--- Stored data ---
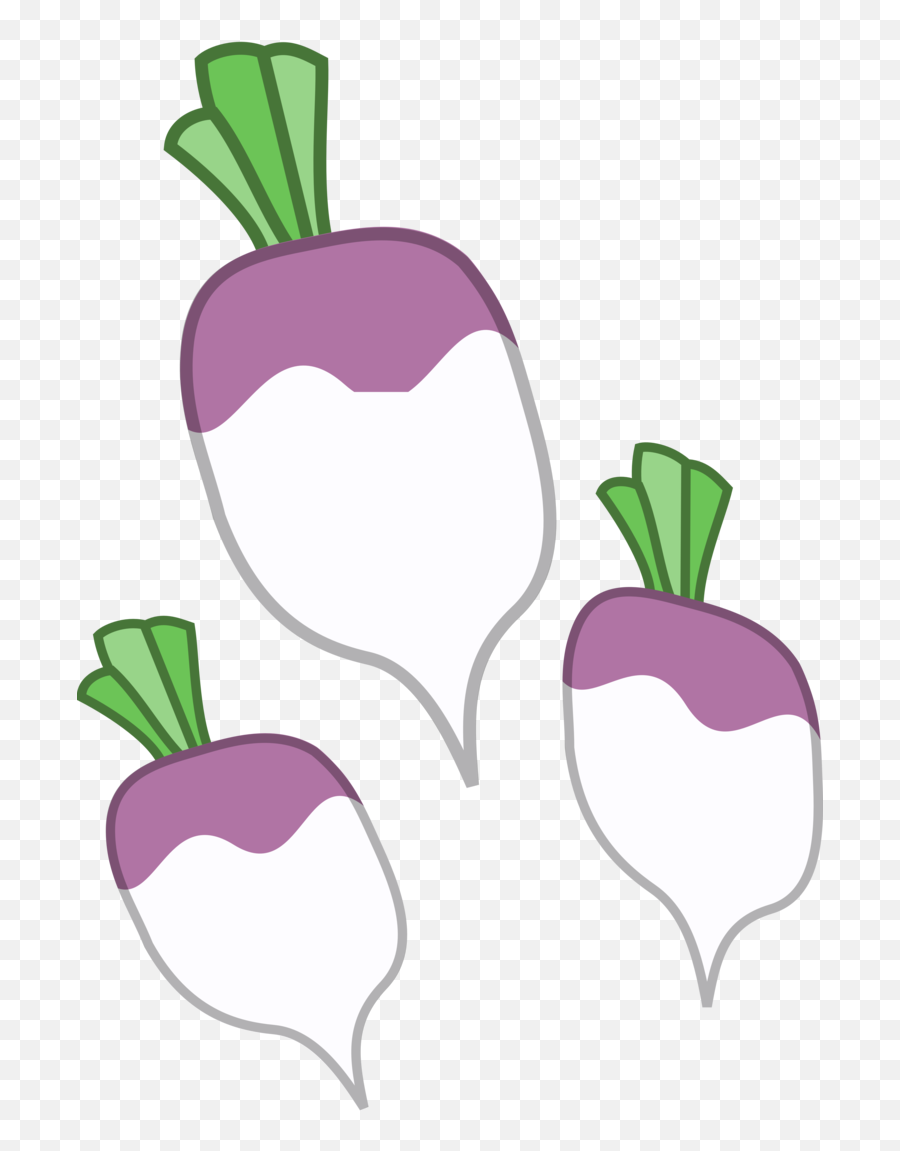 Radish Vector Turnip Transparent Png - Hayseed Turnip Truck Cutie Mark Emoji,Turnip Emoji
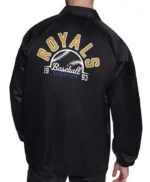 Kansas City Royals Retro Logo Coaches Jacket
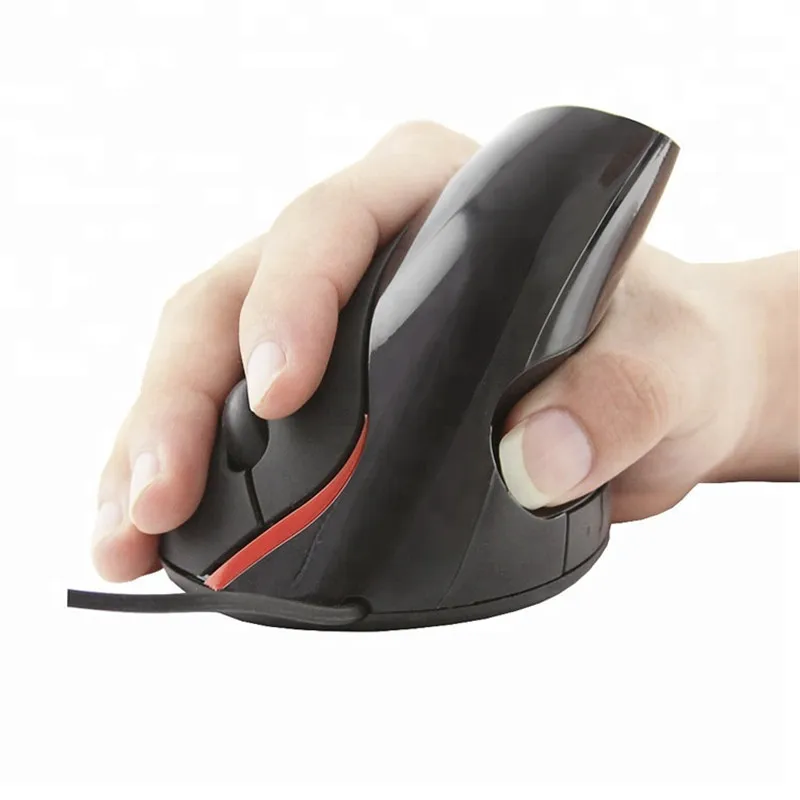 5D-USB-Wired-Optical-vertical-Mouse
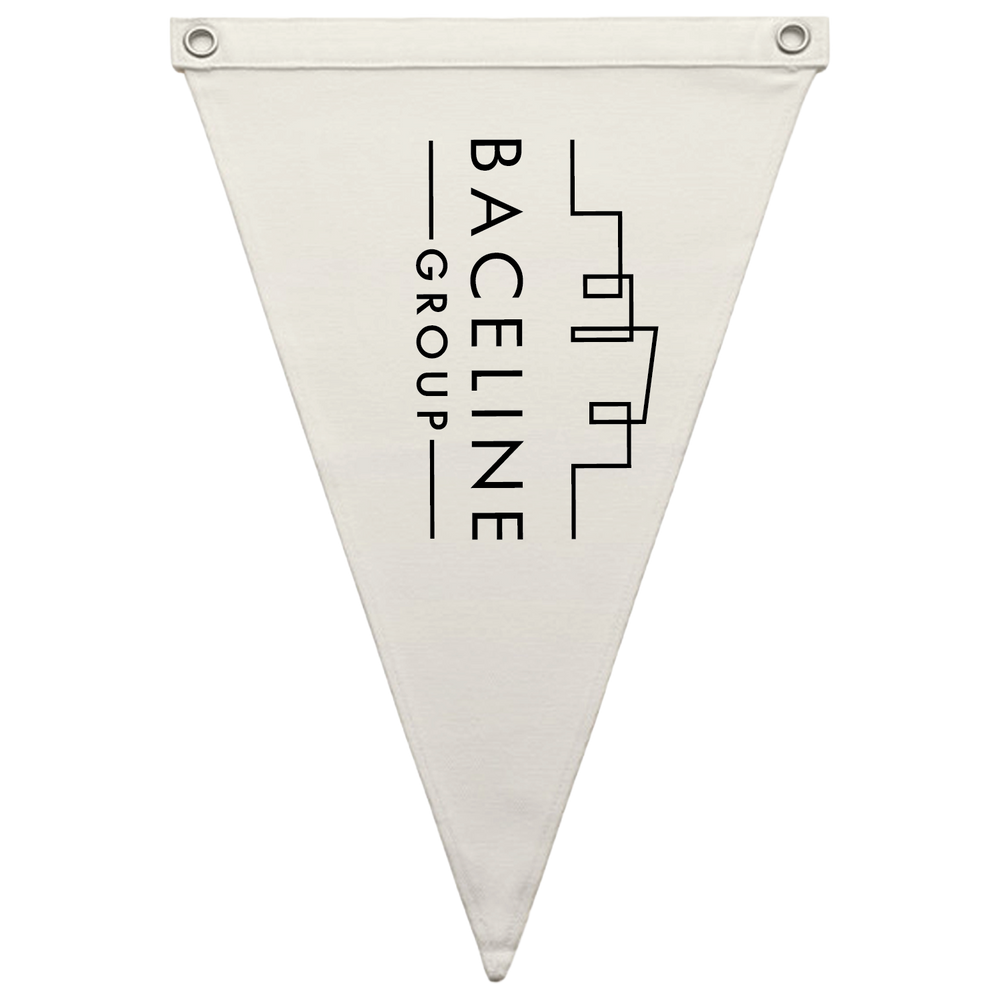 Canvas Pennant Flag 1513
---
What to work on:
Begin at the line with "Kansas City Royals Retro Logo Coaches Jacket" and end at the last line of the data above. Reproduce those lines exactly, but not the pictures.

Reply to the task:
 Kansas City Royals Retro Logo Coaches Jacket
 5D-USB-Wired-Optical-vertical-Mouse
 Canvas Pennant Flag 1513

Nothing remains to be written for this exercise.